■ **Exercise**
Each line of the listing below must be returned exactly.

Supplied records below:

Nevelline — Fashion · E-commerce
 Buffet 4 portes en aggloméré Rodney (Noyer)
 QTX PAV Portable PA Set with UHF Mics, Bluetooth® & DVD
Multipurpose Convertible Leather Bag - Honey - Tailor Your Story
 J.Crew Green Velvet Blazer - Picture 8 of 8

End of Supplied records.

■ **Exercise result**
Nevelline — Fashion · E-commerce
 Buffet 4 portes en aggloméré Rodney (Noyer)
 QTX PAV Portable PA Set with UHF Mics, Bluetooth® & DVD
Multipurpose Convertible Leather Bag - Honey - Tailor Your Story
 J.Crew Green Velvet Blazer - Picture 8 of 8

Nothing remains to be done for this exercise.